Ye make my faith reele: Say I felt

Compaſſion to ‘em both, how would you place it?

Emil.

Vpon their lives: But with their baniſhments.

Theſ.

You are a right woman, Siſter; you have pitty,

But want the vnderſtanding where to uſe it.

If you deſire their lives, invent a way

Safer then baniſhment: Can theſe two live

And have the agony of love about ‘em,

And not kill one another? Every day

They’ld fight about you; howrely bring your honour

In publique queſtion with their Swords; Be wiſe then

And here forget ‘em; it concernes your credit,

And my oth equally: I have ſaid they die,

Better they fall by’th law, then one another.

Bow not my honor.

Emil.

O my noble Brother,

That oth was raſhly made, and in your anger,

Your reaſon will not hold it, if ſuch vowes

Stand for expreſſe will, all the world muſt periſh.

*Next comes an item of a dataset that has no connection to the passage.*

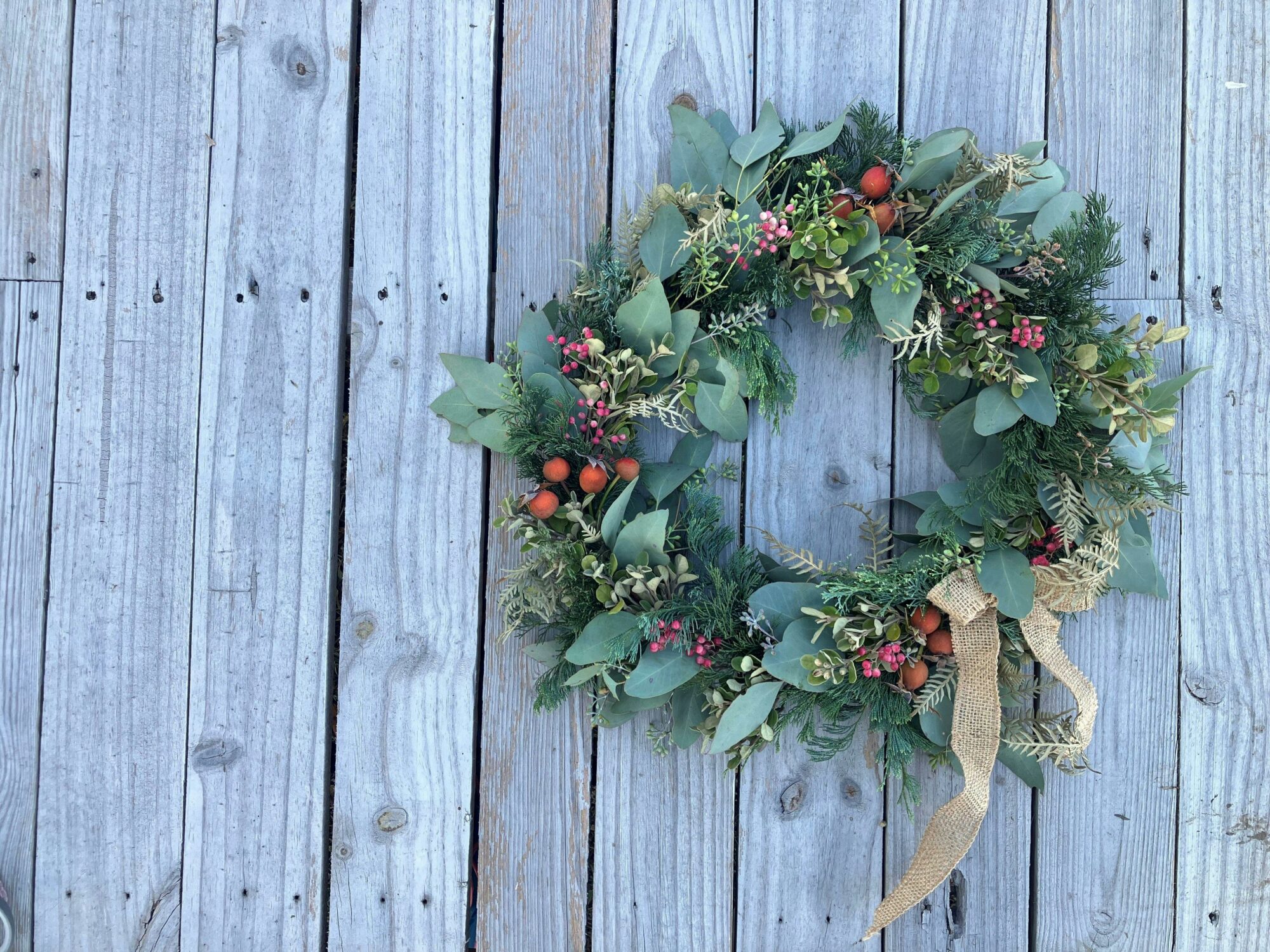 Make your own winter garden wreath with sustainable materials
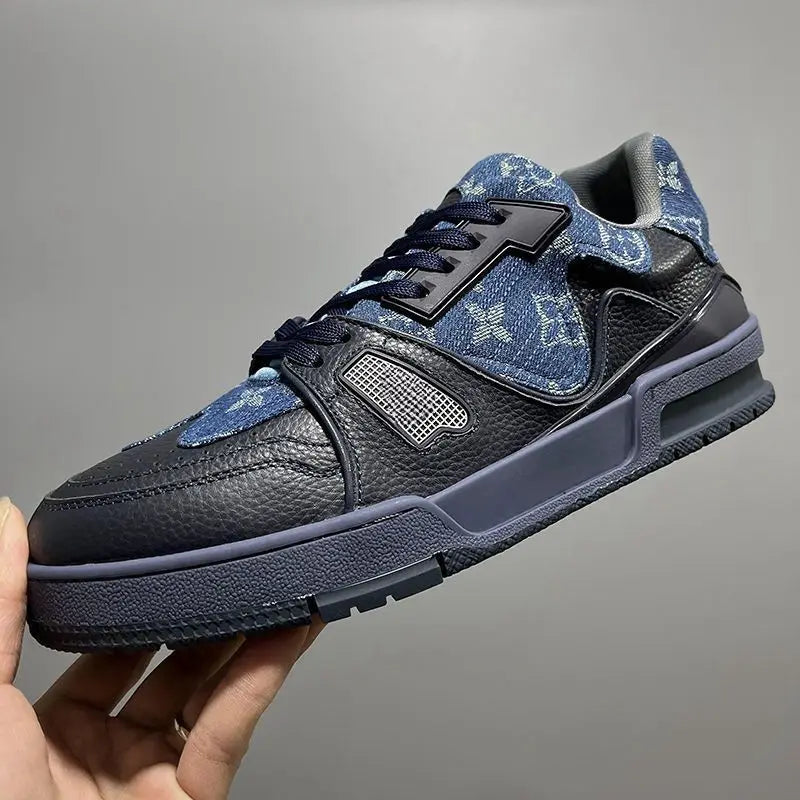 Patchwork Blue Black Geometric Sneakers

Beſide, I have another oth, gainſt yours

Of more authority, I am ſure more love,

Not made in paſſion neither, but good heede.

Theſ.

What is it Siſter?

Per.

Vrge it home brave Lady.

Emil.

That you would nev’r deny me any thing

Fit for my modeſt ſuit, and your free granting:

I tye you to your word now, if ye fall in’t,

Thinke how you maime your honour;

(For now I am ſet a begging Sir, I am deafe

To all but your compaſſion) how their lives

Might breed the ruine of my name; Opinion,

Shall any thing that loves me periſh for me?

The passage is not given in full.